## WORK INSTRUCTION
The records below are to be repeated exactly, and their pictures left out.

## TASK INPUTS
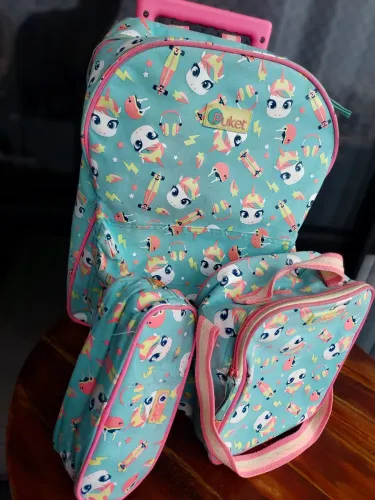 Kit Puket mochila bolsa, lancheira e estojo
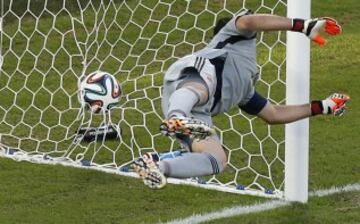 Shinji Okazaki  empató para Japón. 1-1.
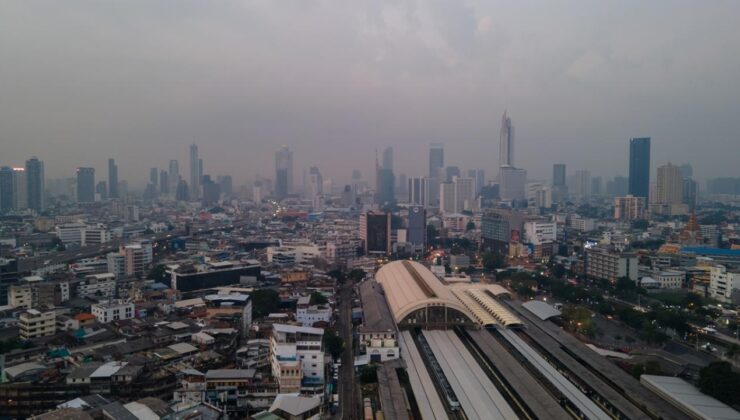 Tayland’ın başkenti Bangkok’ta hava kirliliği nedeniyle okullarda eğitime ara verildi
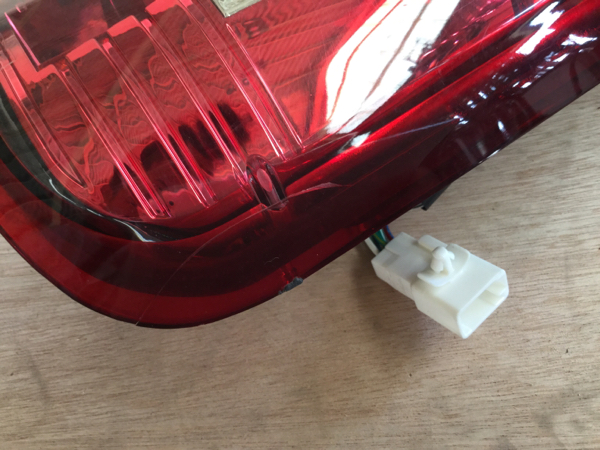 社外品　トヨタ　ハイエース　200系　LED　テールランプ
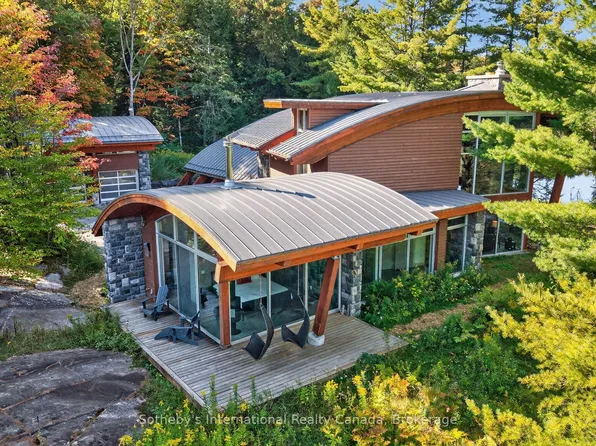 463 Otter Lake Rd, Huntsville, ON P1H 2J3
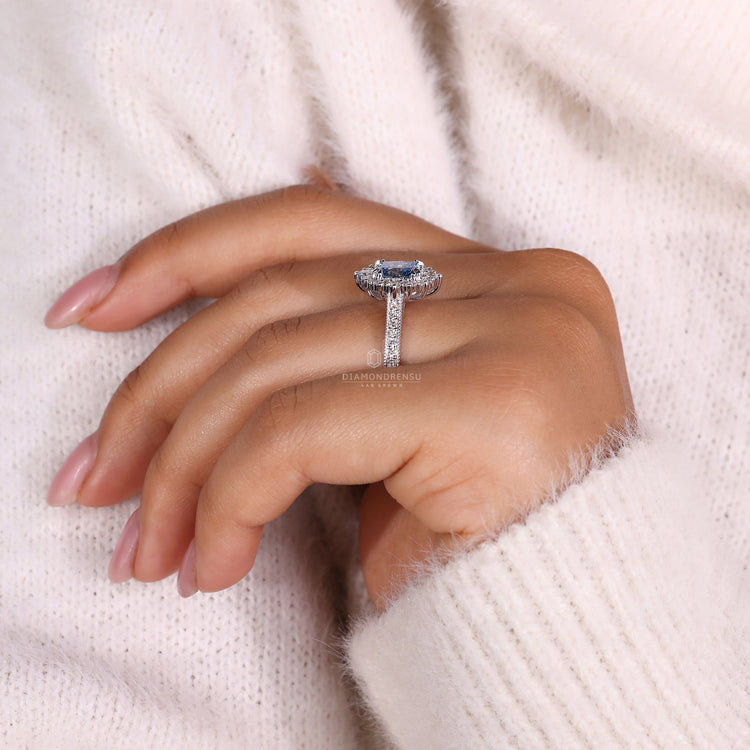 Unique engagement ring comes with radiant cut and round diamond combination.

## ANSWER TO THE EXERCISE
 Kit Puket mochila bolsa, lancheira e estojo
 Shinji Okazaki  empató para Japón. 1-1.
 Tayland’ın başkenti Bangkok’ta hava kirliliği nedeniyle okullarda eğitime ara verildi
 社外品　トヨタ　ハイエース　200系　LED　テールランプ
 463 Otter Lake Rd, Huntsville, ON P1H 2J3
 Unique engagement ring comes with radiant cut and round diamond combination.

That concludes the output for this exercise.